(Stored dataset items)
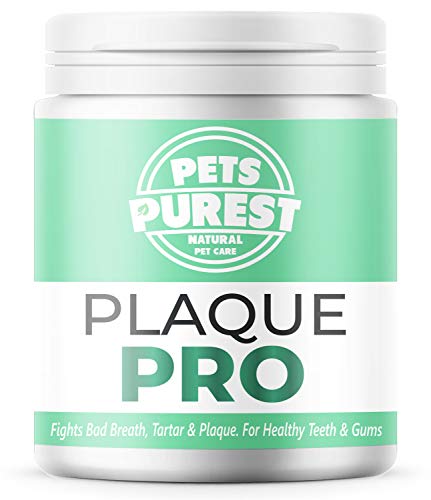 Pets Purest Polvo para Eliminación de Sarro y Placa para Perros, Cachorros y Gatos (180g) Plaque Clean 100% Natural para Animales. Limpia y Cuida Dientes Blancos y Encías. Ayuda contra el Mal Aliento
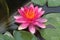 Gypsy Pink Waterlily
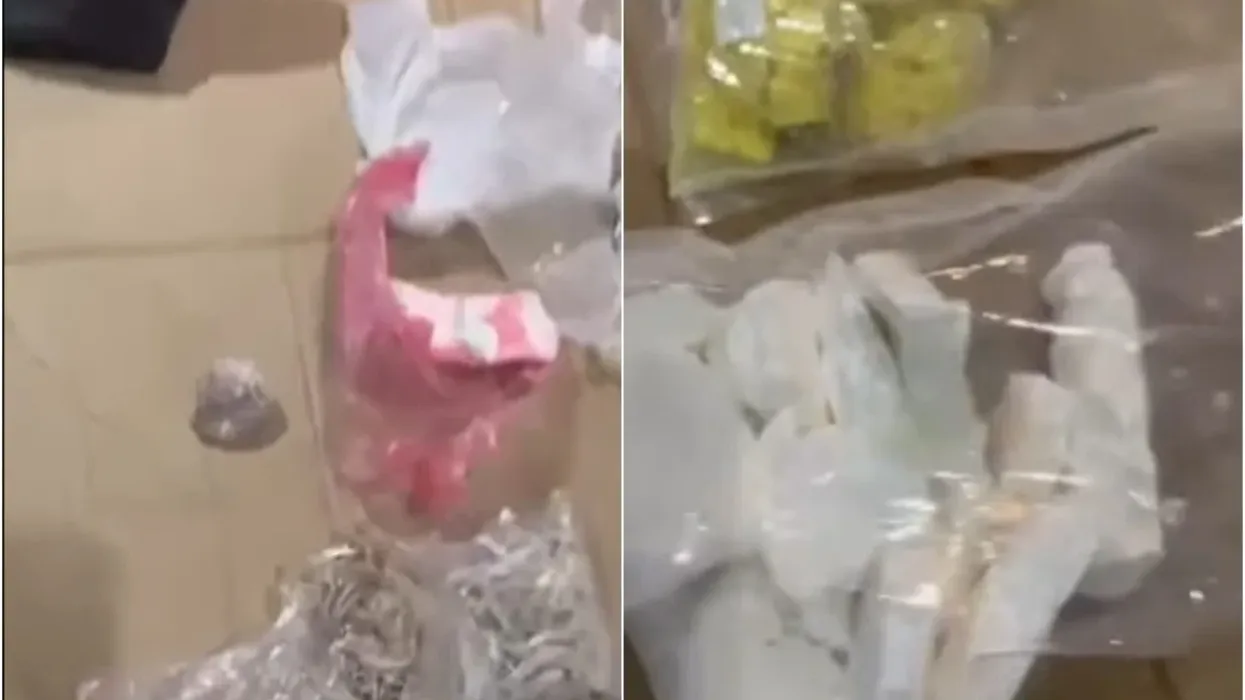 Sekuestrohet sasi e madhe e drogës në bodrumin e një ndërtese në Komunën Aerodrom Sekuestrohet sasi e madhe e drogës në bodrumin e një ndërtese në Komunën Aerodrom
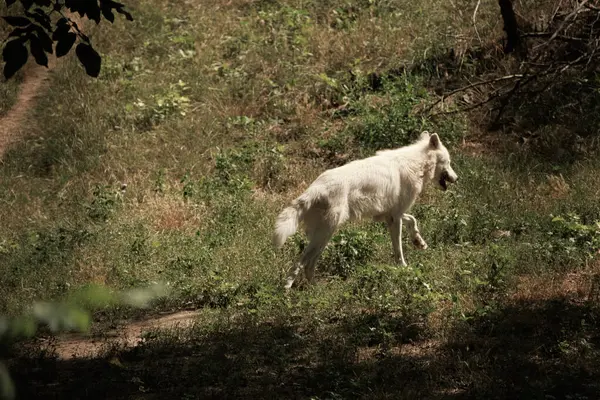 Geniş bir hayvanat bahçesindeki büyük beyaz kurtlar yazın yeşil çimlerde özgürce dolaşırlar.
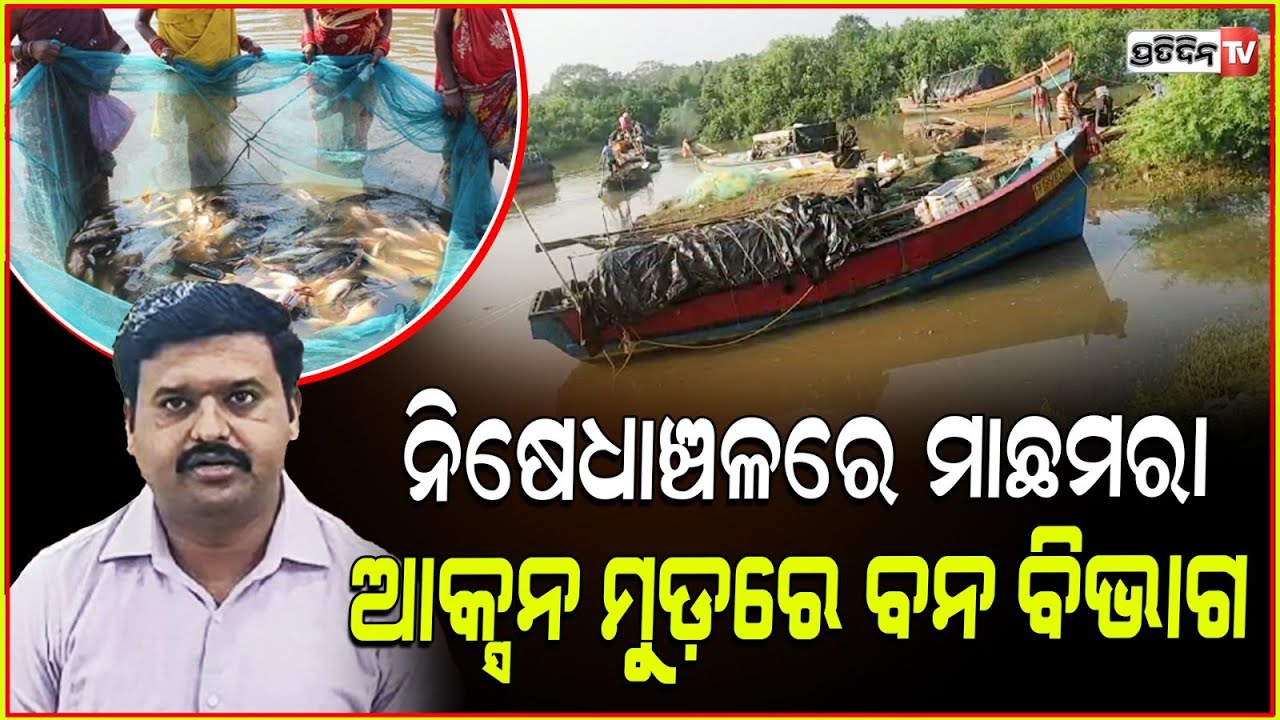 କଇଁଛ ସୁରକ୍ଷା ପାଇଁ ଆଜିଠୁ ୭ ମାସ ସମୁଦ୍ରରେ ମାଛଧରା ବନ୍ଦ |7month fishing ban protect Olive Ridley turtles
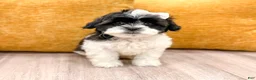 Shihpoo dogs for sale: Muffin - Ad 1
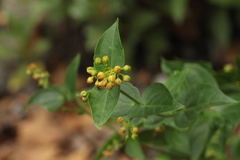 Vincetoxicum rehmannii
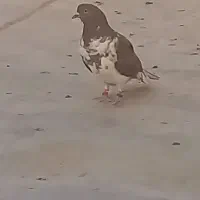 کبوتر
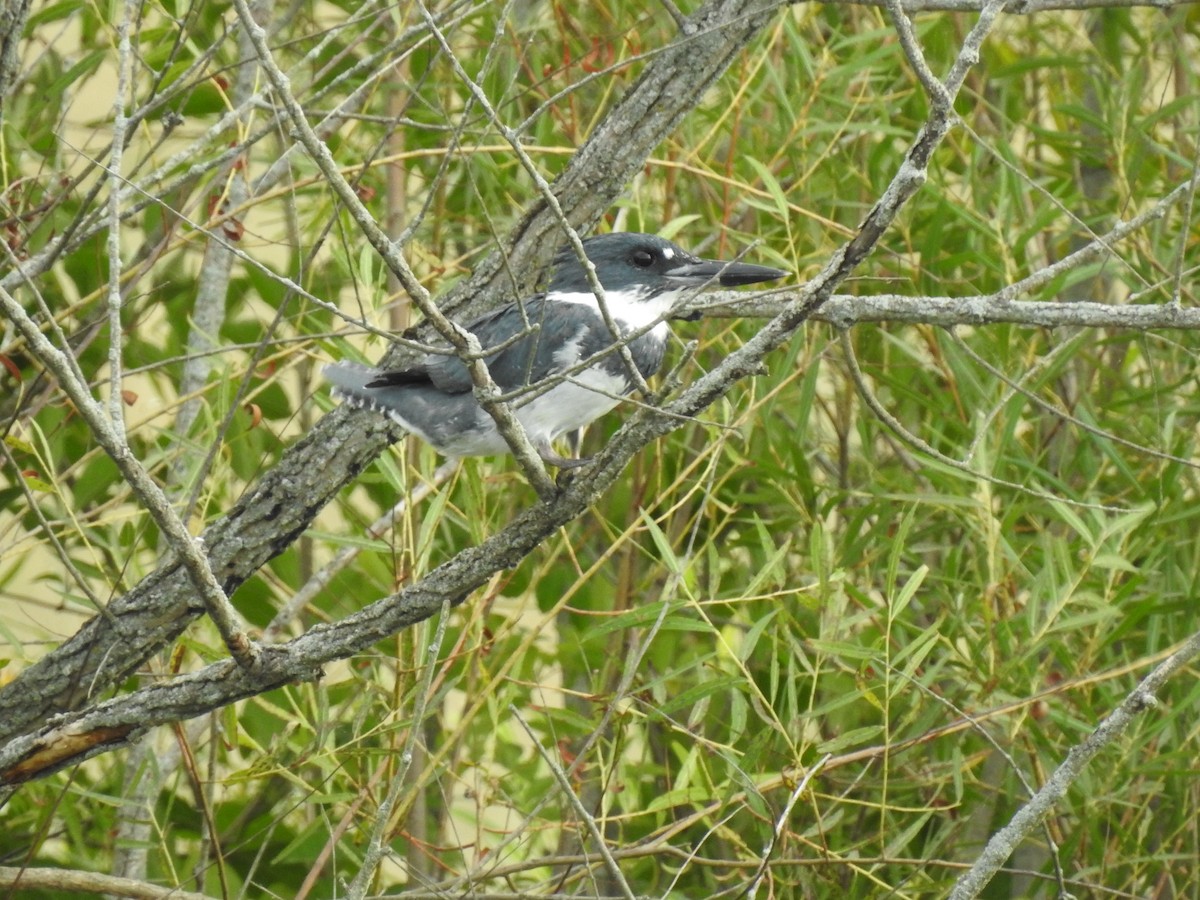 Belted Kingfisher - ML260993911
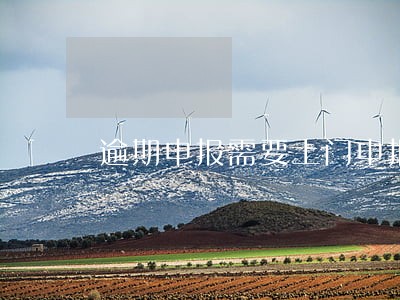 逾期申报需要上门申报嘛 逾期申报需要上门申报嘛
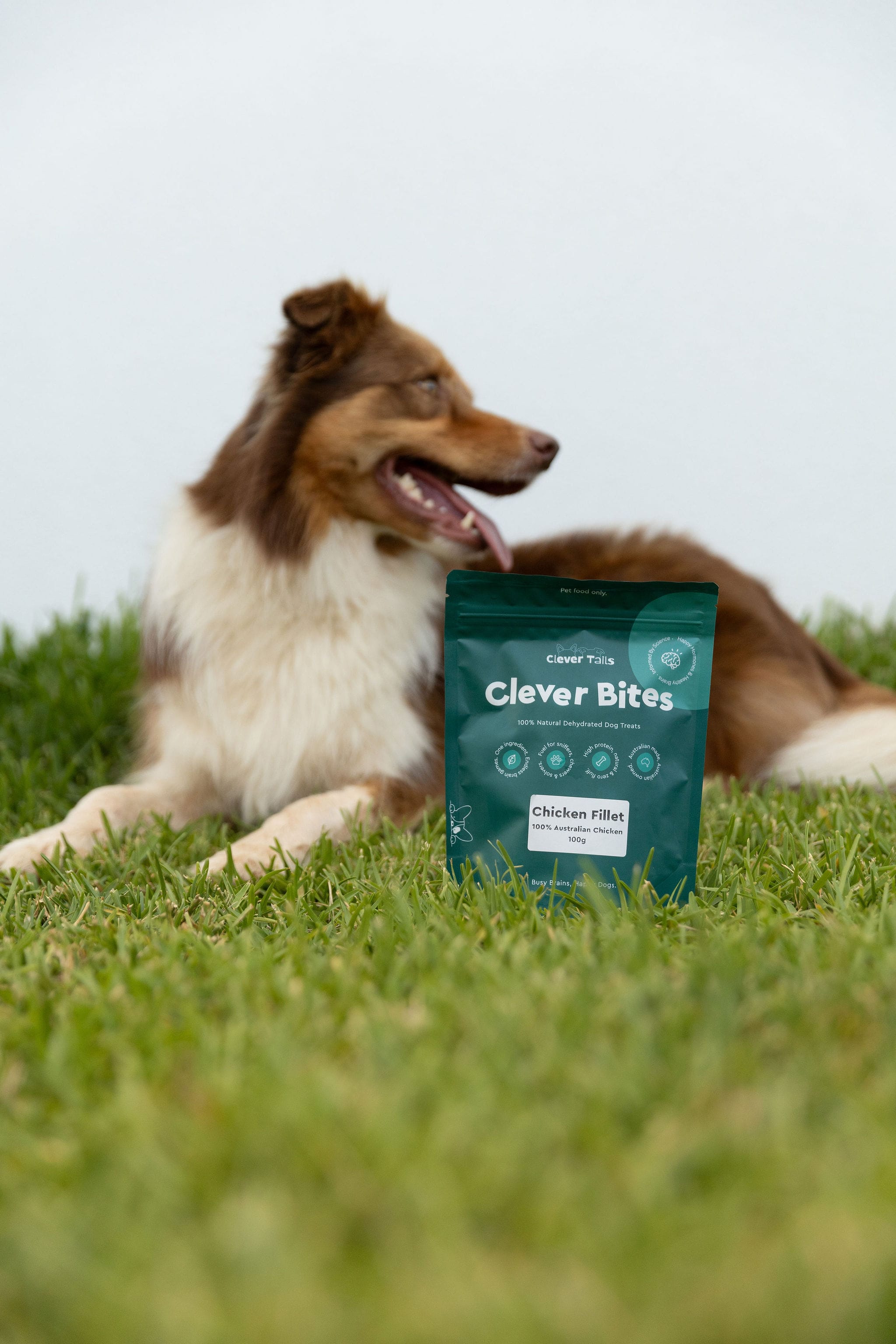 Clever Bites - Natural Dog Treats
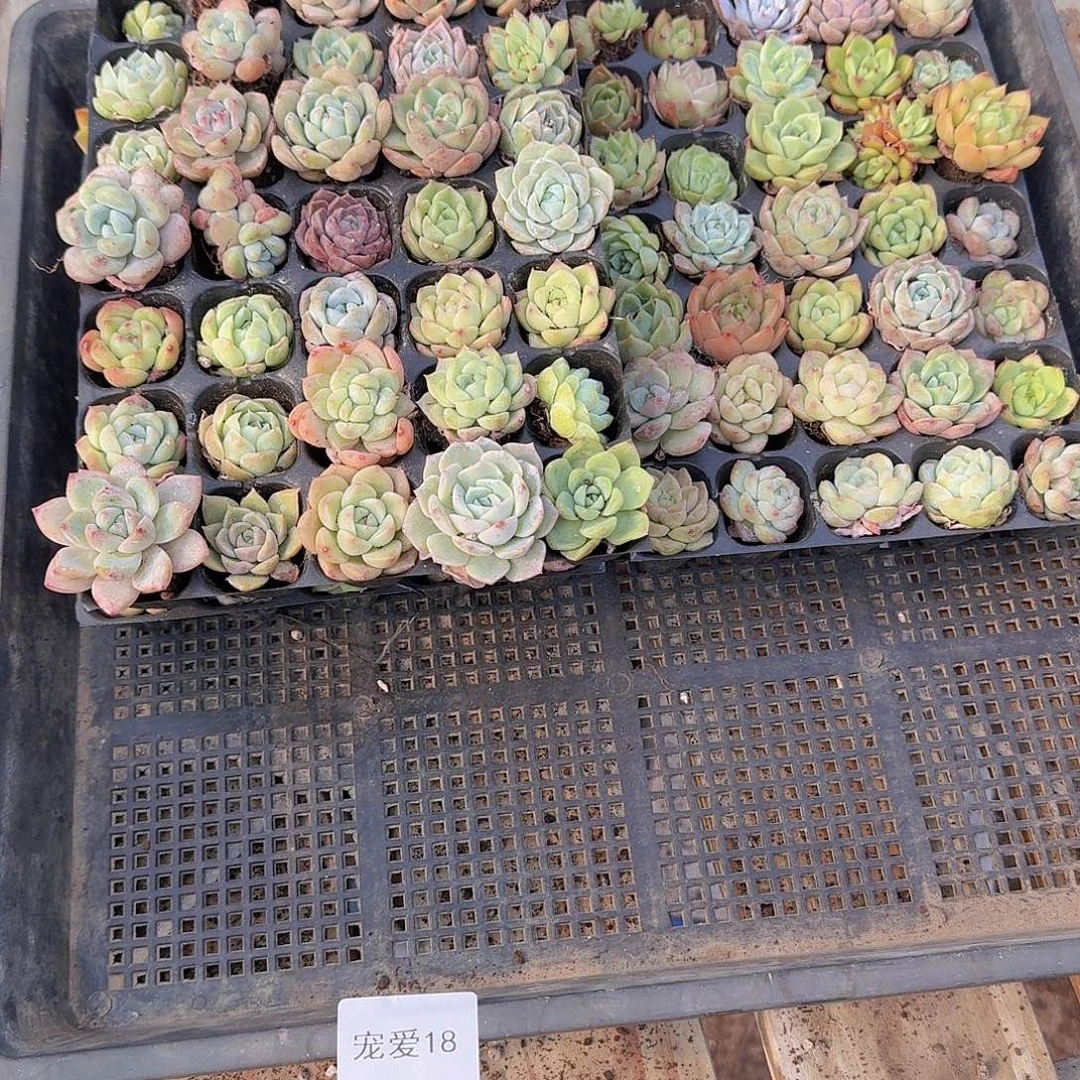 直播福利一物一拍18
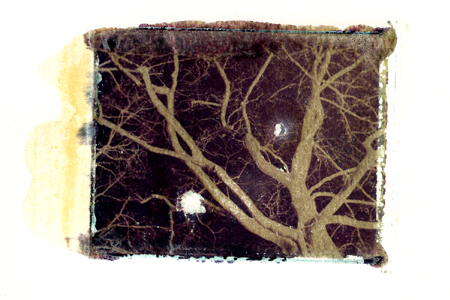 Capillaries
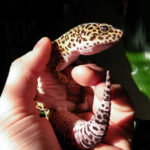 Leopard Gecko Tails: 5 Interesting Facts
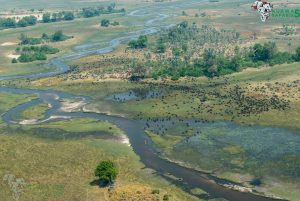 Best Places For Hot Air Balloon In Botswana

• WORK TASK: Only the records, copied exactly and free of pictures, belong in the answer.

• RESULT OF THIS TASK:
 Pets Purest Polvo para Eliminación de Sarro y Placa para Perros, Cachorros y Gatos (180g) Plaque Clean 100% Natural para Animales. Limpia y Cuida Dientes Blancos y Encías. Ayuda contra el Mal Aliento
 Gypsy Pink Waterlily
 Sekuestrohet sasi e madhe e drogës në bodrumin e një ndërtese në Komunën Aerodrom Sekuestrohet sasi e madhe e drogës në bodrumin e një ndërtese në Komunën Aerodrom
 Geniş bir hayvanat bahçesindeki büyük beyaz kurtlar yazın yeşil çimlerde özgürce dolaşırlar.
 କଇଁଛ ସୁରକ୍ଷା ପାଇଁ ଆଜିଠୁ ୭ ମାସ ସମୁଦ୍ରରେ ମାଛଧରା ବନ୍ଦ |7month fishing ban protect Olive Ridley turtles
 Shihpoo dogs for sale: Muffin - Ad 1
 Vincetoxicum rehmannii
 کبوتر
 Belted Kingfisher - ML260993911
 逾期申报需要上门申报嘛 逾期申报需要上门申报嘛
 Clever Bites - Natural Dog Treats
 直播福利一物一拍18
 Capillaries
 Leopard Gecko Tails: 5 Interesting Facts
 Best Places For Hot Air Balloon In Botswana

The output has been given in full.